Tautan antara Ida Padanda Ngurah dengan Pura Pengastan itulah yang menyebabkan pemilihan Kidung Yadnyeng Ukir sebagai bahan utama bacaan.

 

Apresiasi dari Manggala Karya


Mahasiswa sastra Bali yang tampil diiringi oleh geguntangan UKM Satyam Siwam Sundaram Fakultas Ilmu Budaya Unud tersebut mendapatkan apresiasi dari panitia penyelenggara upacara.


Ida Bagus Ngurah sebagai ketua pamaksan menyampaikan apresiasi sekaligus ucapan terima kasih karena para mahasiswa telah berkenan membacakan karya Ida Padanda Ngurah dalam momentum upacara besar di Pura Pengastan.

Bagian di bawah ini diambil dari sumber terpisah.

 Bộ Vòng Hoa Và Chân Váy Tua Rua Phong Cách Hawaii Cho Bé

“Semoga ayah-ayah yang dihaturkan oleh para mahasiswa mendapatkan imbalan berupa pengetahuan yang berlimpah oleh Hyang Saraswati sebagai dewinya sastra,” demikian harapan Ida Bagus Ngurah.


Suasana mahasiswa sebelum  mendapatkan giliran bernyanyi.

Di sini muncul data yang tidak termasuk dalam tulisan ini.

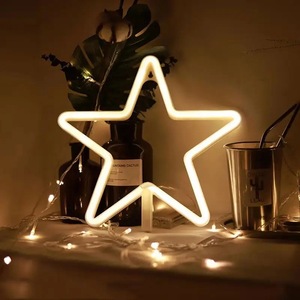 LED yıldız USB duvar asılı Neon ışıkları yaratıcı akülü gece lambası çocuk odası noel partisi Bar dekorasyon için sarı - Product Image 1
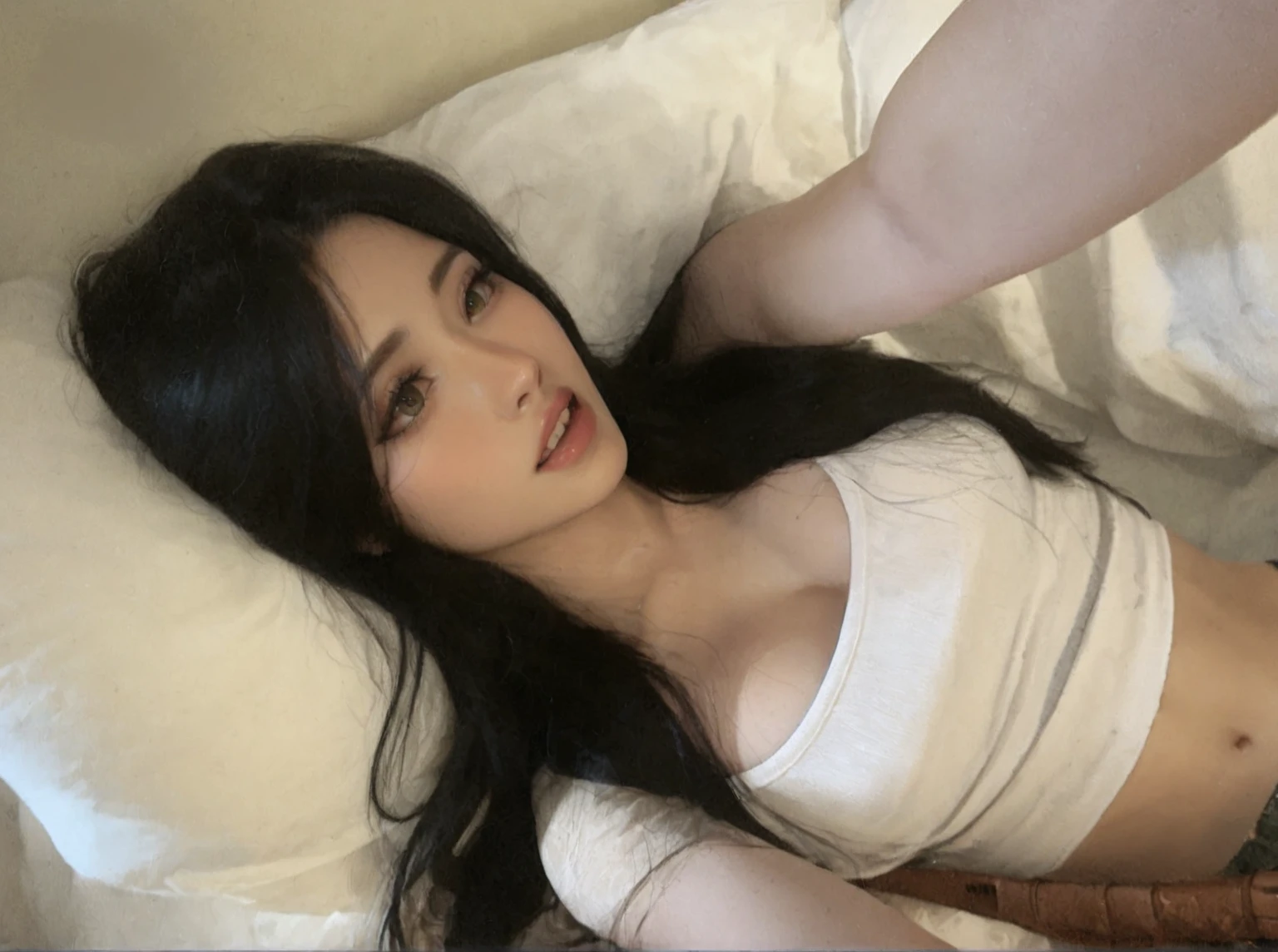 (NSFW),((Highest quality, 8K, masterpiece,whole body photos: 1.3)). ((Thai Model Adult Magazine)), Beautiful woman with perfect figure :1.4, Slim abs :1.2, ((Very long, unkempt black hair、Long black hair that spreads across the bed、Long black hair that covers the body、necklace)), Highly detailed face, Highly detailed lips, Fine grain, double eyelid, Makeup face. 、Long and beautiful eyelashes,Sweaty skin trasparente Skin,
((Micro Panties)), ((sexy shirt)), Long legs_whole body. sleep. Lying on your back. Close your eyes. sleep. Open your mouth Lying on your back. Close your eyes. sleep. Open your mouth Lying on your back. Close your eyes. On the bed, selfie posa, lenzuola trasparenti, nuda, phorn hot xxx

Koordinator Prodi Sastra Bali, Dr. I Wayan Suardiana, M.Hum., dalam proses-proses latihan senantiasa mengingatkan mahasiswa Prodi Sastra Bali yang tergabung dalam Sekaa Santi Banawa Sekar i agar melatih diri dengan terjun langsung ke lapangan.


“Ngayah magegitan adalah persembahan nada yang nilainya dapat melengkapi persembahan berupa sarana upacara material, terlebih dilaksanakan dengan batin yang penuh dengan kesucian,” tegasnya (Putu Eka Guna Yasa)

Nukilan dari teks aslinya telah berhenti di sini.